Baucus acknowledges the criticism he is getting from within his own party. "My assumption is, the other person's view probably has more than a grain of truth," he says. The chairman told TIME.com that he hopes to iron out some of those differences in the coming days. Specifically, Baucus is talking to Democratic members of his committee about addressing one of their chief complaints about the bill — that it won't do enough to make insurance affordable for the middle class. That's a crucial question, because the legislation would, for the first time, impose a requirement that virtually everyone have some kind of coverage or face a fine. Under Baucus' bill, the government would provide subsidies to help those earning up to three times the poverty level (in other words, a family of four making as much as $66,000 a year) buy insurance as well as set caps on their out-of-pocket expenses.

But many of his fellow Democrats say that help doesn't go far enough — especially in comparison with the version that the House is working on, which would provide assistance to those earning up to 400% of the poverty level (or a family of four making up to $88,000). "We're working to address that concern," Baucus said, adding that one idea "very much on the table" is to increase the refundable tax credits for those purchasing insurance. That, however, would most likely increase the overall price tag for the measure, which in its current form would cost $774 billion over the next decade, according to estimates by the Congressional Budget Office.

Baucus expressed some flexibility with regard to his proposal to impose a 35% excise tax on insurers who sell "gold-plated" insurance policies — a levy insurance companies say they would be forced to pass on to their customers. Under the bill as it is currently written, that tax would kick in on plans that cost more than $8,000 for individuals and $21,000 for families. Health-policy experts say an excise tax could help curb health spending overall by discouraging the purchase of lavish plans that lead to overuse of the health-care system. The levy would also raise $215 billion over the next decade — or about one-quarter of the cost of the bill.

The bill's critics, however, say the taxes would probably be borne by many middle-income people, especially municipal employees and unionized workers in states where insurance costs are high. What's more, if health-insurance costs continue to rise as they have, the tax would catch more and more insurance plans. In the interview on Thursday evening, Sept. 17, Baucus sounded sympathetic to those kinds of concerns and hinted that the threshold for taxation is likely to be raised. "Union plans are very expensive, and we have to be respectful of that," Baucus said.

But one place where Baucus does not appear to be so flexible is on the question of adding a government-run public option to the measure as an alternative for providing coverage to the uninsured.
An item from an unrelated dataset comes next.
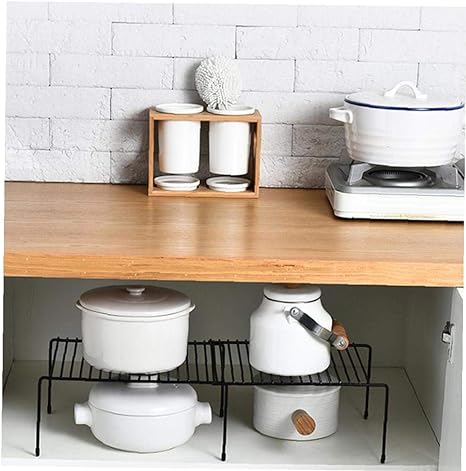 رف ومنظم معدني اسود للمطبخ  قابل للتمدد والتصغير لتخزين ونتظيم التوابل ومستلزمات الاستحمام وغيرها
While some liberals in the Senate have gone so far as to say they will not vote for a bill that does not include a public option, Baucus said it would not pass on the Senate floor. He said, however, that one "live possibility" is the idea of adding a so-called trigger that would create a public plan if private insurance companies fail to do enough to bring down costs and make coverage available to enough Americans. That is an idea that has been proposed by, among others, Maine Republican Olympia Snowe, who is the only Finance Committee Republican considered likely to vote for the bill. The current version of the bill provides only for nonprofit, member-owned cooperatives as an alternative to private insurance companies.

Holding his party together has become all the more important as the prospects for winning Republican support have become fainter and fainter. Baucus noted that even Charles Grassley, his good friend and the ranking Republican on his committee, is "under intense pressure from his side of the aisle to withdraw from the process" after months of bipartisan talks. Nonetheless, Baucus says, "I still think there'll be some Republican support at the end of the day." Say this for Max Baucus: he's not one to give up easily.